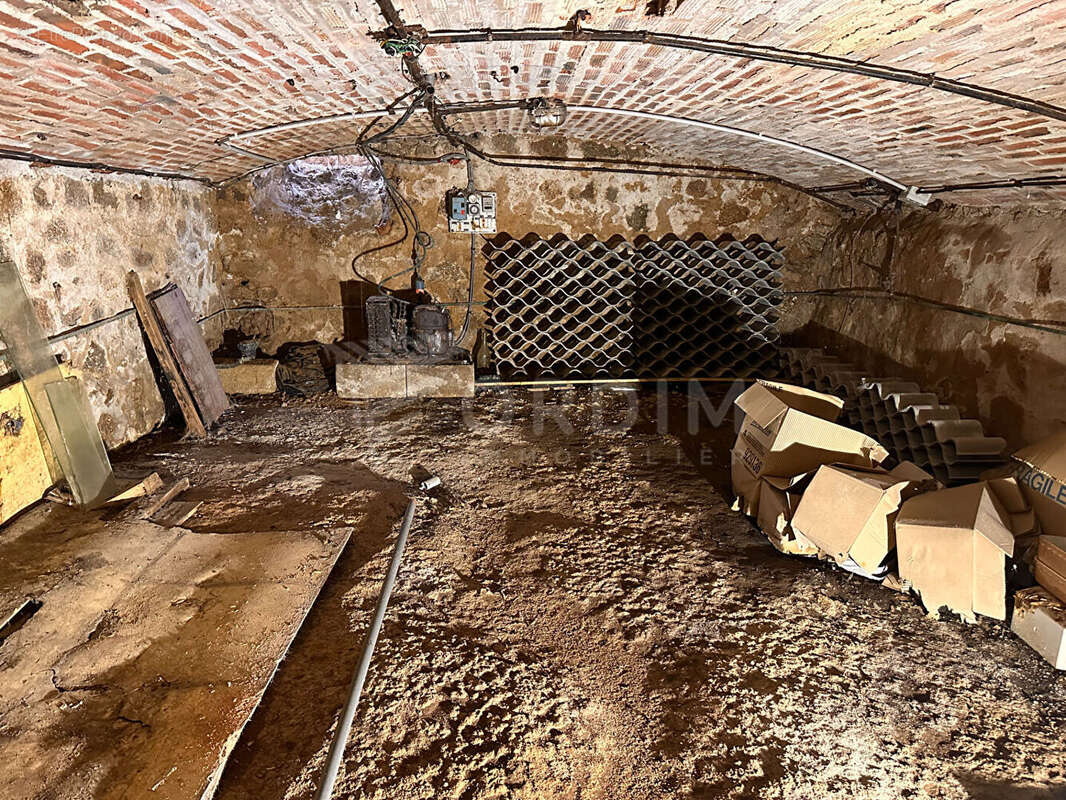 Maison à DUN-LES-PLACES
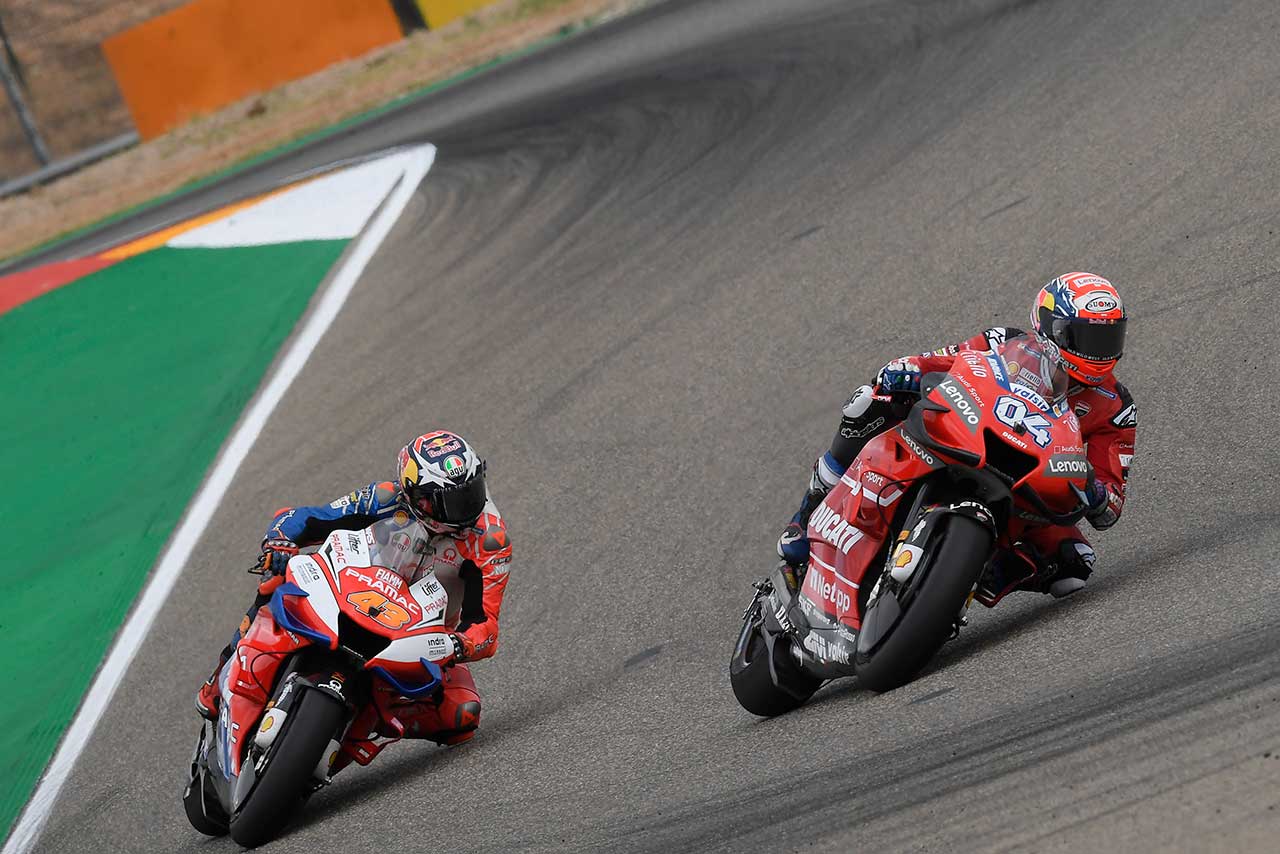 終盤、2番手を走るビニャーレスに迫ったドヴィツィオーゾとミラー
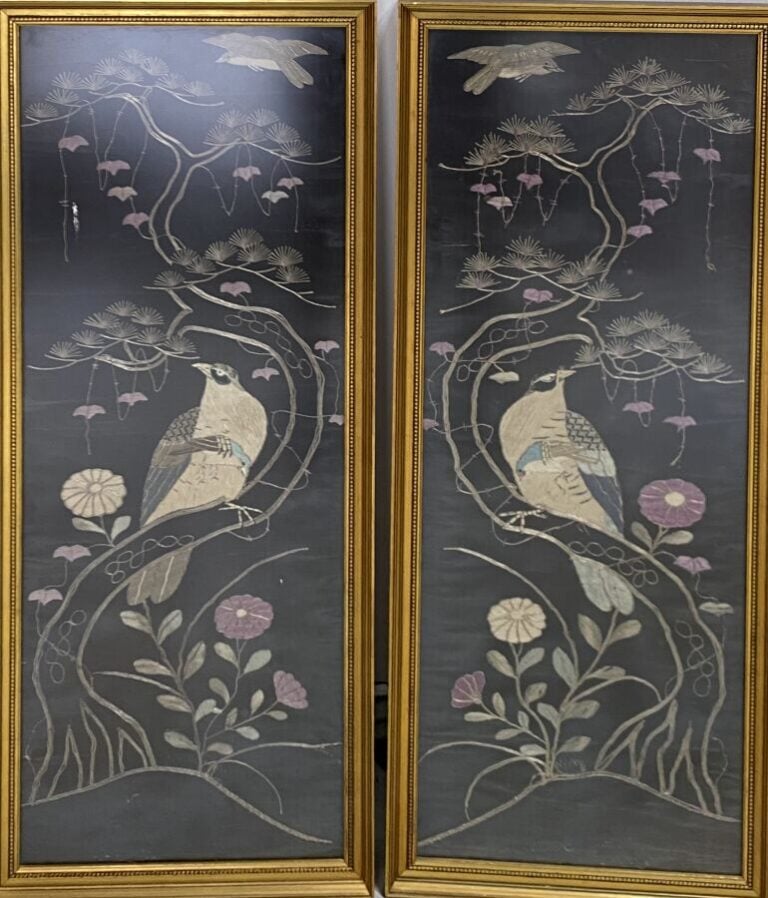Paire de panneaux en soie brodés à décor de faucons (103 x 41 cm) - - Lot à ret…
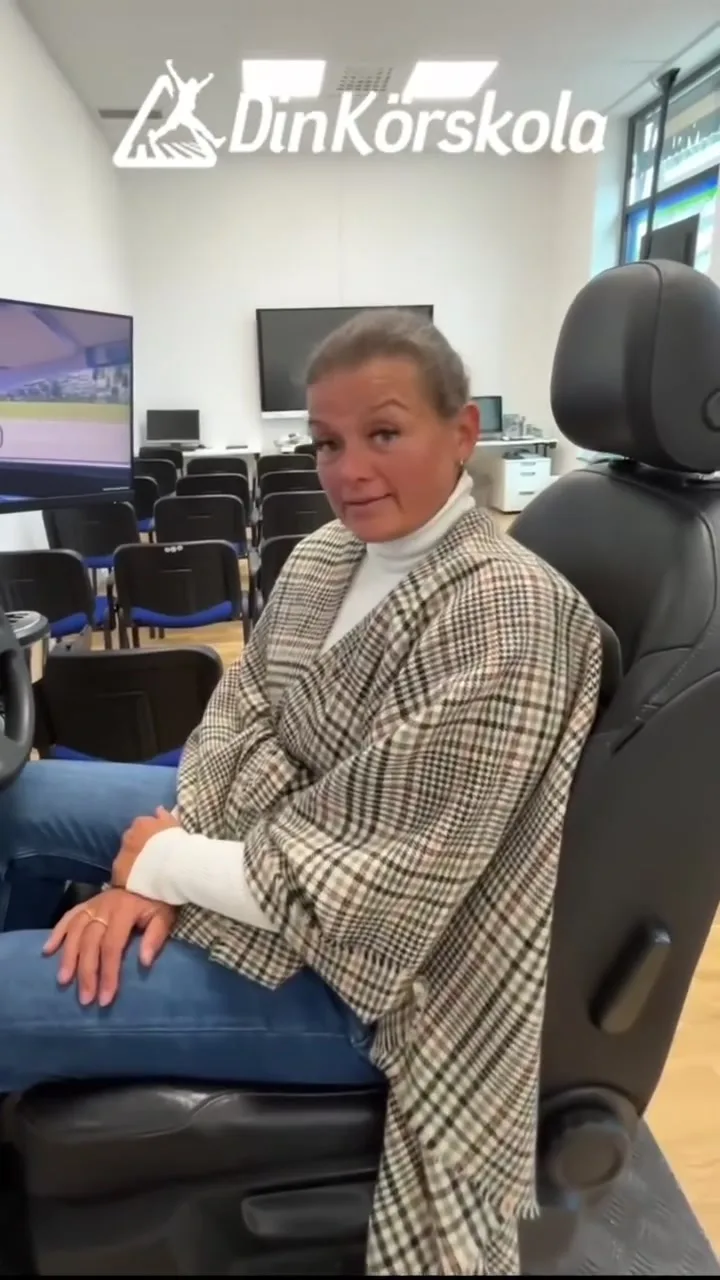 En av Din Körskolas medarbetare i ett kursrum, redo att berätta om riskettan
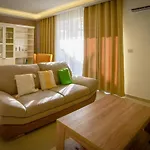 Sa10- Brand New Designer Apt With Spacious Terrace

==

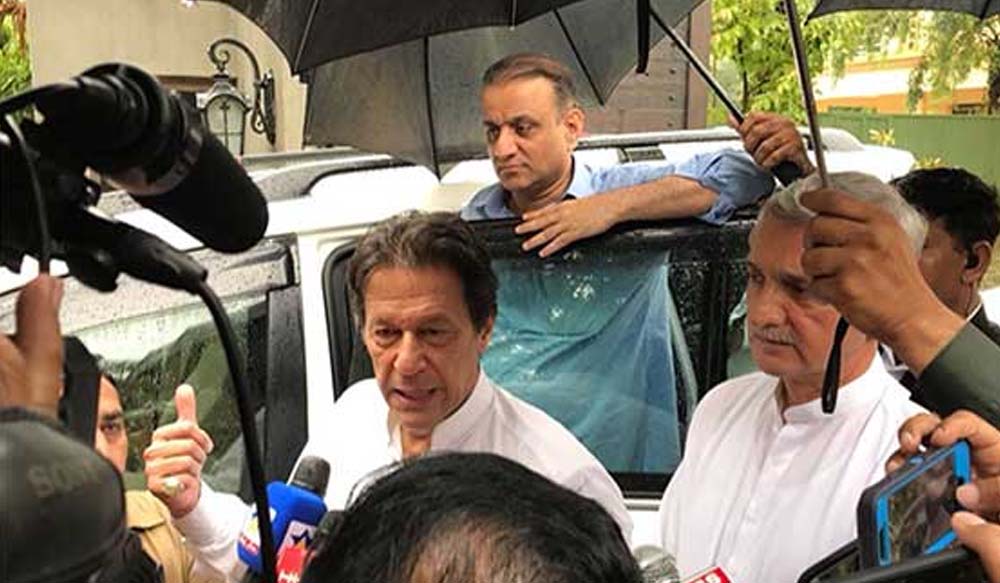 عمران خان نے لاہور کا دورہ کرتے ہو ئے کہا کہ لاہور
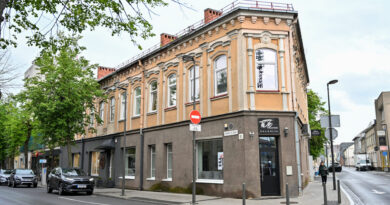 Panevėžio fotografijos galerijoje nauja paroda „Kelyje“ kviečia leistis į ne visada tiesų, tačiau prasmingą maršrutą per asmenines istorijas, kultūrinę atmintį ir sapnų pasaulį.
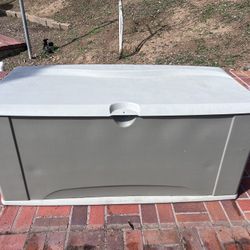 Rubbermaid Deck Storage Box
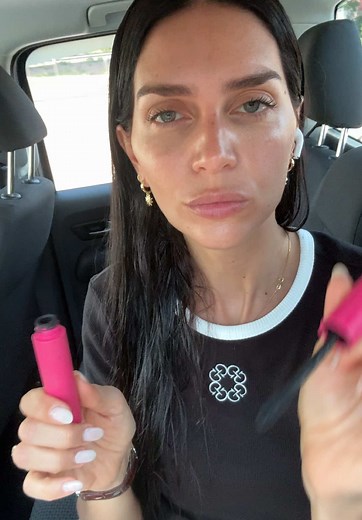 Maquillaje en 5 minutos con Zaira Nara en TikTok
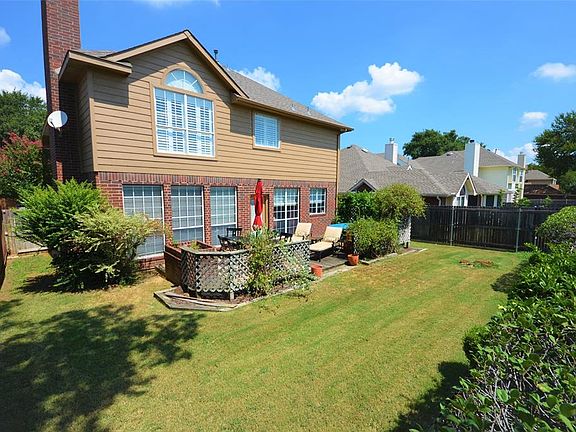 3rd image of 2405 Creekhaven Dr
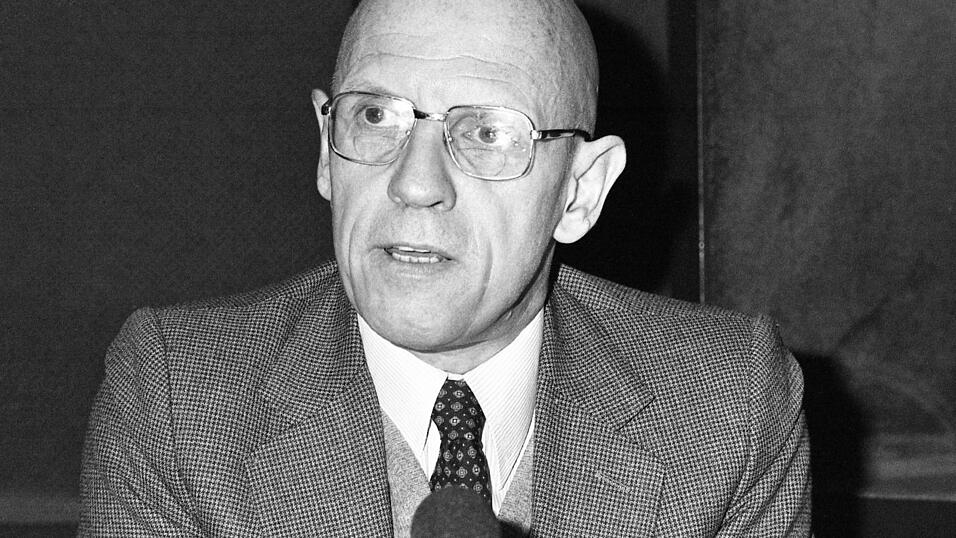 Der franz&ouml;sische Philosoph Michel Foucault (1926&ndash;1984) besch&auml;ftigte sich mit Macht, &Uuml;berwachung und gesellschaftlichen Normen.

--

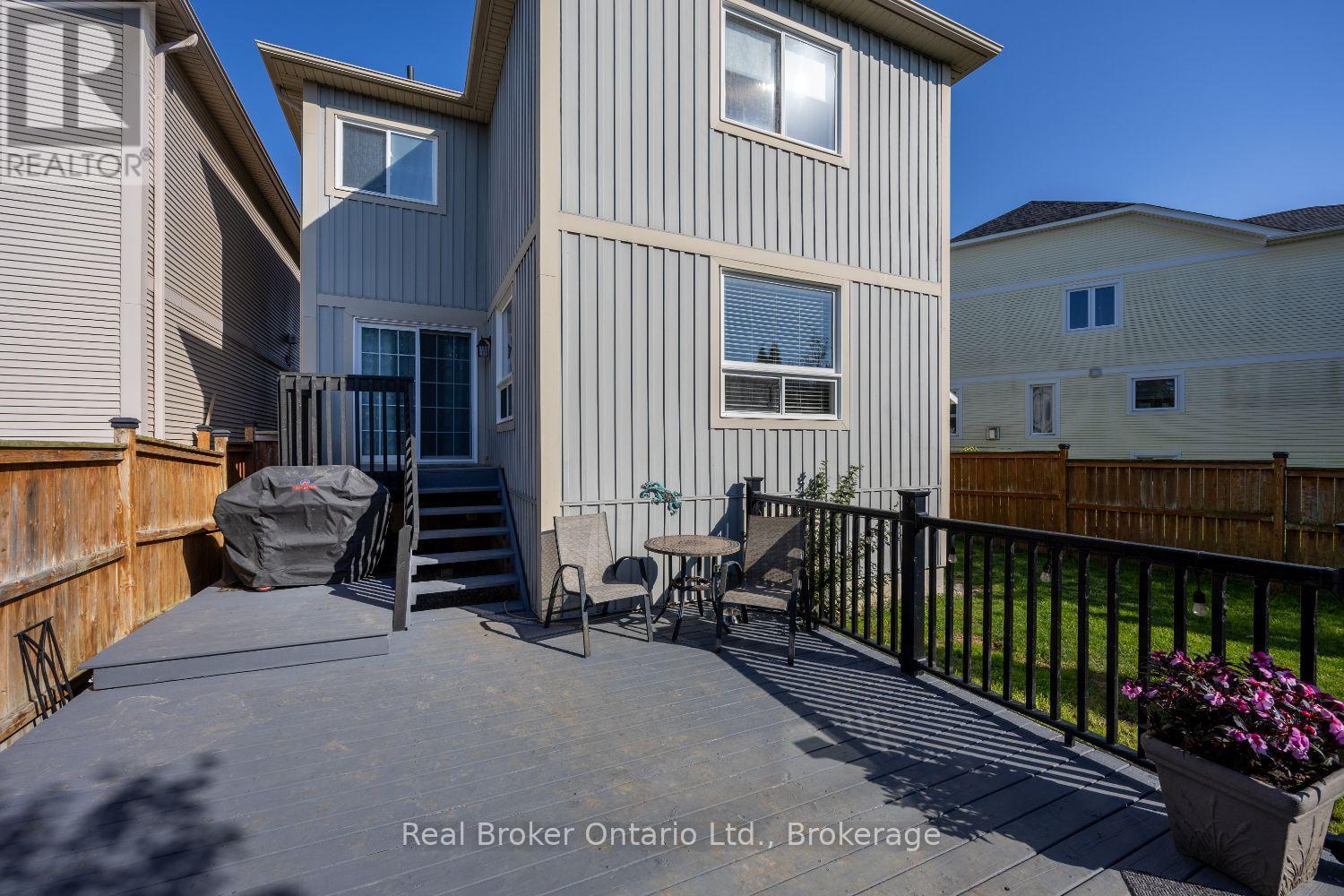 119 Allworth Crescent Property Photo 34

WHAT THE TASK ASKS: Without the pictures, set down the lines above from the line with "Maison à DUN-LES-PLACES" up to and including the line with "Sa10- Brand New" exactly as they stand.

OUTPUT OF THE TASK:
 Maison à DUN-LES-PLACES
 終盤、2番手を走るビニャーレスに迫ったドヴィツィオーゾとミラー
Paire de panneaux en soie brodés à décor de faucons (103 x 41 cm) - - Lot à ret…
 En av Din Körskolas medarbetare i ett kursrum, redo att berätta om riskettan
 Sa10- Brand New Designer Apt With Spacious Terrace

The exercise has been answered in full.